Scan the entries and state how many lines contain "Sleeve". Write no other text.

[Short web captions]
-=-=-=-=-

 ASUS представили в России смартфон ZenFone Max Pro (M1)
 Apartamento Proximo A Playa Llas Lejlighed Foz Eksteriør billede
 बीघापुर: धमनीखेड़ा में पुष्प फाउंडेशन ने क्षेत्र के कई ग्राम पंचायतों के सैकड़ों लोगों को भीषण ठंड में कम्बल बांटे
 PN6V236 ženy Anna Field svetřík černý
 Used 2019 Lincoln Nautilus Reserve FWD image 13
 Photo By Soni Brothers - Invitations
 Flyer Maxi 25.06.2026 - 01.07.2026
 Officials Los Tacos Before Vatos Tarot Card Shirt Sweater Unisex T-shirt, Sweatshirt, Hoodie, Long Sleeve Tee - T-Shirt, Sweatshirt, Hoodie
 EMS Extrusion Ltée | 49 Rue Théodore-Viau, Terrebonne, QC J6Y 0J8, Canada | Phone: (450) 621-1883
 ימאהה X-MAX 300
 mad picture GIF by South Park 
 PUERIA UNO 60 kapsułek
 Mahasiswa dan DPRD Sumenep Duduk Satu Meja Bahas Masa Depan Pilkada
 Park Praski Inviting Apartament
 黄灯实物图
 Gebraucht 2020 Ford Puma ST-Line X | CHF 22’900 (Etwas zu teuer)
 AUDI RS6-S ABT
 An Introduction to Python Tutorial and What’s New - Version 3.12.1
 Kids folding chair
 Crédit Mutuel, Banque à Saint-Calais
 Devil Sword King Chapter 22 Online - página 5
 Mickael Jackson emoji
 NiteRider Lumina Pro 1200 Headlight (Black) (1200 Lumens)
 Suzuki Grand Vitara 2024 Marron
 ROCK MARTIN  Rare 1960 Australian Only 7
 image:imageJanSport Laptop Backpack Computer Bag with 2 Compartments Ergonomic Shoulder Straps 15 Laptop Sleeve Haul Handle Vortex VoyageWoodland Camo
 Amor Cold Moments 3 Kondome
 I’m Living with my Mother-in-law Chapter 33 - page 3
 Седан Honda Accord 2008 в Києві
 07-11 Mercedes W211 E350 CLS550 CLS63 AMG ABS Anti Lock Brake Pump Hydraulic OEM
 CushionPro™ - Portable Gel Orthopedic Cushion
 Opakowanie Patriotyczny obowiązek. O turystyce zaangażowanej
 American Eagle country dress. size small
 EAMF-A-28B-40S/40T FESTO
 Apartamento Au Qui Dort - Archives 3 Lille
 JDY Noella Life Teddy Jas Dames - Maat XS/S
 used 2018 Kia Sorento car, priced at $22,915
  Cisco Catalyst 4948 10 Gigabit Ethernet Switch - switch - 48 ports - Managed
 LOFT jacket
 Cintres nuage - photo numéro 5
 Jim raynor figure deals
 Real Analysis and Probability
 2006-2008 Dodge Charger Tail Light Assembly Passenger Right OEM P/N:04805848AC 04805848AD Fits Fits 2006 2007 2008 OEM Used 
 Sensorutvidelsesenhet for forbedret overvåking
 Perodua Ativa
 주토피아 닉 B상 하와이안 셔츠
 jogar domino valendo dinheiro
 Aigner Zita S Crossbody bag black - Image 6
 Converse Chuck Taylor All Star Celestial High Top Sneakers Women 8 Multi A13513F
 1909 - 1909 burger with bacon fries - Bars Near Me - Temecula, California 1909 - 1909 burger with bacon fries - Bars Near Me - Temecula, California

-=-=-=-=-

Task answer: 2